Kedatangan Gita dan Anis.



Ratu kini berada di ruang perawatan kakeknya duduk di kursi yang berada di tepi tempat tidur pasien, sementara papa Sofyan dan yang lainnya masih menunggu di luar.


Di tatapnya wajah lemah kakeknya dengan tatapan sendu.


"Bagaimana perasaan kakek?? Apa ada yang sakit??." dengan lembut Ratu bertanya.


Pria yang tak lagi muda tersebut tampak mengulum senyum lemah di bibirnya yang masih tampak sedikit pucat. "Tidak ada cucu kakek sayang, hanya saja tenggorokan kakek terasa kering." dengan suara lemah pria tua itu berujar.

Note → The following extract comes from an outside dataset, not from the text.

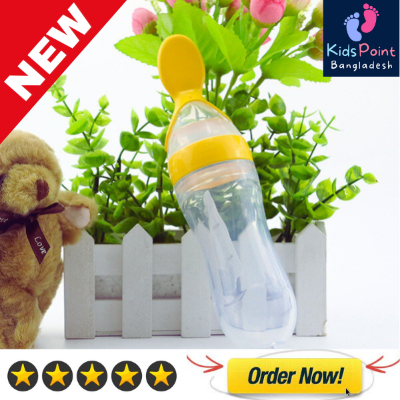 Picture of Baby Silicone Spoon Feeder Bottle 90ml -1pcs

Di usapnya rambut kakeknya yang telah memutih akibat termakan usia dengan lembut. "Kakek sabar dulu ya !!! Karena untuk sementara waktu Dokter belum mengizinkan kakek untuk makan atau pun minum." meskipun tidak tega melihat kakeknya yang mengeluh haus namun Ratu juga tidak bisa melanggar larangan dari Sintia, selaku dokter yang saat ini bertugas menangani kakeknya.


Kakeknya hanya mengangguk saja.


Berhubung kedua orang tua serta abangnya juga ingin mengunjungi kakeknya, Ratu lantas pamit meninggalkan kamar perawatan itu.


Melihat Ratu yang baru saja keluar dari ruangan tersebut papa Sofyan lantas beranjak masuk bersama sang istri.


"Bagaimana dengan kakek??." tanya Alan. pria itu membiarkan kedua orang tuanya yang lebih dulu masuk untuk melihat kondisi kakeknya sebelum kemudian dirinya Setelahnya.


Ratu menghela napas. "Kakek merasa kehausan tapi dokter belum mengizinkannya untuk minum untuk sementara waktu." jawab Ratu apa adanya.


Kedua alis Alan tampak saling bertaut satu sama lain. "Kenapa bisa begitu??." tanyanya dengan wajah bingung. Sebagai masyarakat awam yang tidak berkecimpung di dunia kesehatan tentunya larangan tersebut di luar pengetahuan Alan.


"Hal itu untuk mencegah sesuatu yang tidak diinginkan terjadi pada pasien pasca operasi." timpal Toni. Meskipun bukan spesial bedah namun sedikit banyaknya sebagai seorang dokter, Toni paham akan tujuan dari larangan tersebut.


Perhatian Ratu, Toni dan juga Alan beralih ke sumber suara ketika mendengar pantofel yang saling beradu di lantai mengarah ke mereka.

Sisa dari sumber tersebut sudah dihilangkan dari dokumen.